But that’s the way this usually works. Prices don’t bounce until the crowd has given up and now a lot of impulsive sellers are left watching this rebound from the outside.
I’m a huge believer in using stops to protect my backside. There is never a valid reason for a nimble trader to hold through a larger pullback. But at the same time, I also recognize stops often get us out unnecessarily.
So what’s a trader to do when faced with these competing concerns of selling just before the bounce or holding through a larger decline?
It actually isn’t that hard if we start with a sensible trading plan.
First and foremost, never be foolish and cheat our stops by holding a falling market. I always get out when I say I’m going to get out.
But once I’m out, the first thing I do is start looking for that next opportunity to get back in. Maybe that causes me to chase my tail every once in a while. But you know what? I would much rather chase my tail than A) hold through a larger decline or B) miss out on the next big rebound.
As it turns out, tail chasing is really cheap insurance that helps ensure we sidestep the big declines while also making sure we are in the right spot at the right time to catch the next big wave higher.
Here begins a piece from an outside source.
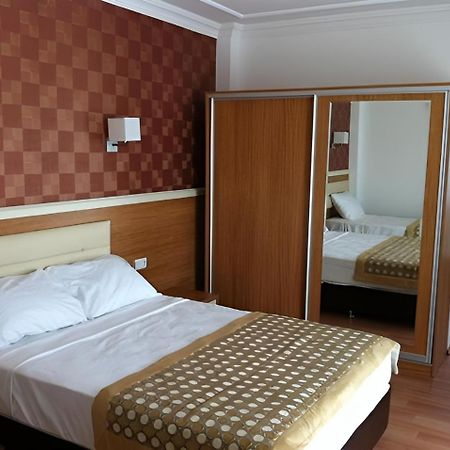Afytos Oeren Beach Prestij Buitenkant foto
All too often people get hung up, thinking a trade is dead once they sell and they have some phobia about getting back in. If it was a great trade before, it is probably still a great trade and there is no reason to avoid it because of a perfectly normal, healthy, and temporary step back.
As for stops, the best way to avoid getting out at the wrong time is by getting out early. Sell at the beginning of the decline when the first signs something is wrong emerge. Not the bottom of a dip when impulsive traders pull the plug after getting overcome by fear and regret.
As I often remind readers, start small, get in early, keep a nearby stop, and only add to a trade that is working. Follow those simple rules and events like Omicron hubbub are nothing more than a blip on our way higher.
GME posted disappointing earnings after the close.
But did this actually surprise anyone? This is a retailer with an obviously obsolete business model.
Their last hail mary is Christmas shopping and if they cannot get their act together this quarter, the company won’t survive, let alone justify of $13 billion valuation.
At best, this is a $15 stock selling for $170. Get out while you still can.